→ PROBLEM DESCRIPTION: Using the records below, output the stretch that opens with the line containing "arbuste fleuri, place de la Carrière" and closes with the line containing "Save the Bumblebees", exactly and including both lines, with nothing more.

→ RECORD EXCERPTS:
-------------------------
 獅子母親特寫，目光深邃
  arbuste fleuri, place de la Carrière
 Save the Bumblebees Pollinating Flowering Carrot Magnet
-------------------------
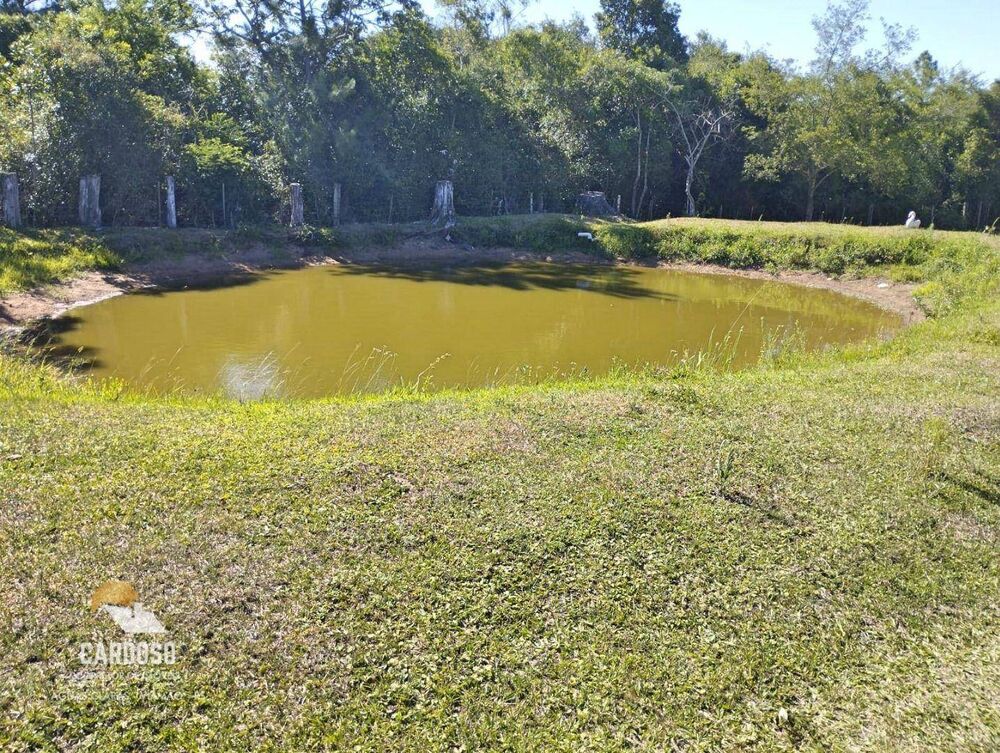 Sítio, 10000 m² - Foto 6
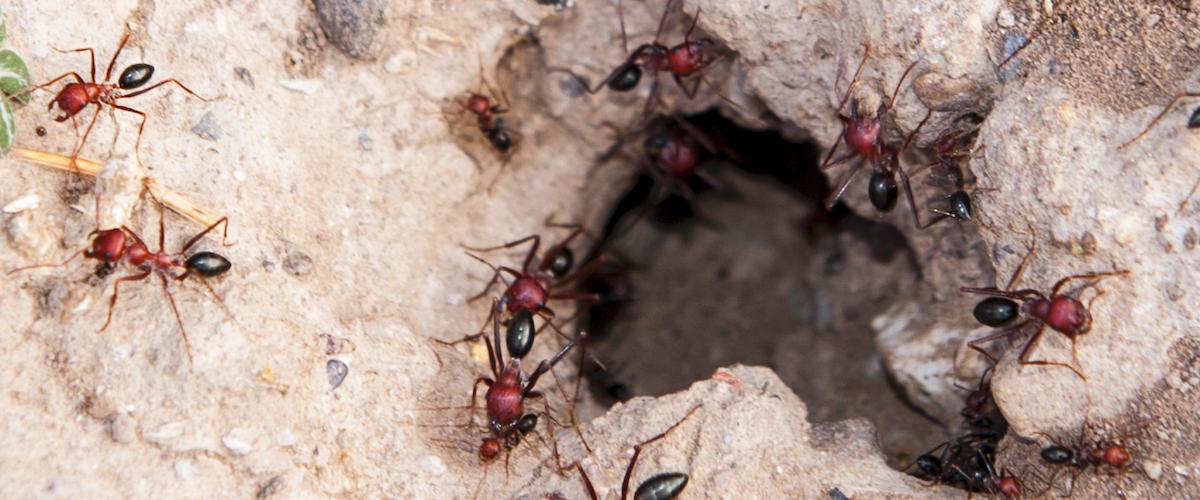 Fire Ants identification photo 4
-------------------------
→ SOLUTION BELOW:
  arbuste fleuri, place de la Carrière
 Save the Bumblebees Pollinating Flowering Carrot Magnet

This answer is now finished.